Problem: Rückstände von Medikamenten im Urin
In der Theorie spricht also sehr viel für eine Sanitärwende in Deutschland. Auch die Bereitschaft der Deutschen, sich auf ein wasserloses Klos einzulassen, ist den Anbieter der Trockentoiletten zufolge durchaus groß. Nur bei der Verwertung der Toiletteninhalte hapert es noch. Zwar kann das Team um Florian Augustin auf seiner Verwertungsanlage prima Humus herstellen – weil es sich um ein wissenschaftlich begleitetes Projekt handelt. Normale Kompostierwerke aber dürfen keinen menschlichen Kot verwerten. „Dieser ist nämlich im deutschen Gesetz bisher nicht als Abfall vorgesehen“, sagt Ariane Krause vom Leibniz-Institut für Gemüse- und Zierpflanzenbau.

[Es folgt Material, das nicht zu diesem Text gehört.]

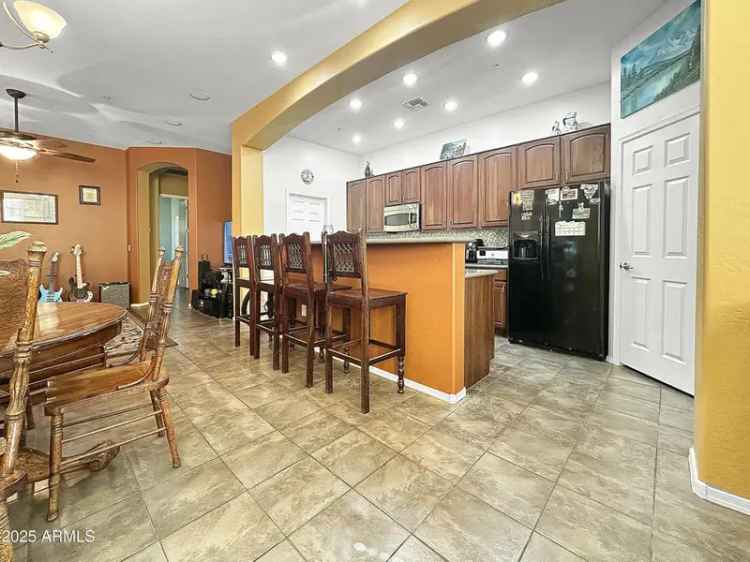 Rent 2 Bedroom Condo near Shopping and Dining with Community Pool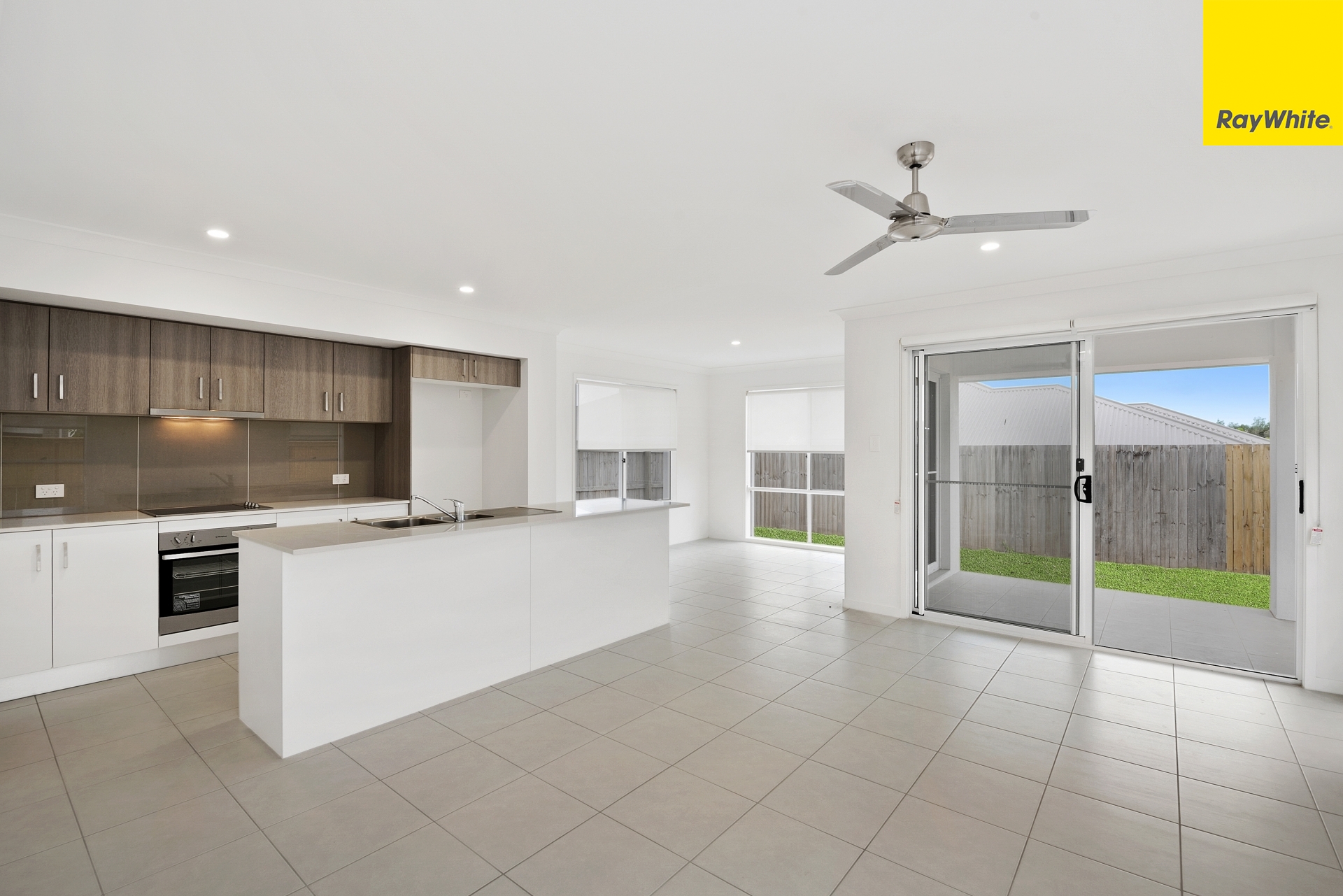 2 COOLOOLA CR, NORTH LAKES QLD 4509, 0 ห้องนอน, 0 ห้องน้ำ, House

Und dann gibt es noch eine weitere Hürde: Auch in der Düngemittel-Verordnung tauchen menschliche Ausscheidungen nicht auf. „Da findet sich vom Hühnermist bis zu Pferdeäpfeln alles, nur der Mensch wurde vergessen“, sagt Wissenschaftlerin Ariane Krause. Was zur Folge hat, dass Dünger aus menschlichem Urin oder Humus-Kot bislang in Deutschland nicht auf Feldern ausgebracht werden darf.
Das hat auch gute Gründe: Im Urin finden sich jede Menge Rückstände von Medikamenten. Kot wiederum ist mit Bakterien und Viren belastet. Bevor die Ausscheidungen auf den Feldern landen, müssen sie also entsprechend gereinigt werden, so das Bundesministerium für Umwelt. „Es gibt dafür inzwischen sehr sichere Verfahren mit Aktivkohle-Filtration und Hitzebehandlung, um Schadstoffe und Krankheitserreger zu entfernen“, sagt Wissenschaftlerin Ariane Krause. Sie arbeitet zusammen mit anderen Wissenschaftlern und Praktikern in einem vom Bundesforschungsministerium geförderten Projekt, welches in den nächsten drei Jahren die Nachweise dafür erbringen soll, dass ein Einsatz in der Umwelt unbedenklich ist. Dass das gelingen kann, zeigt ein Blick in die Schweiz: hier ist seit 2018 ein Dünger aus menschlichem Urin im Handel, der bei essbaren Pflanzen angewendet werden darf.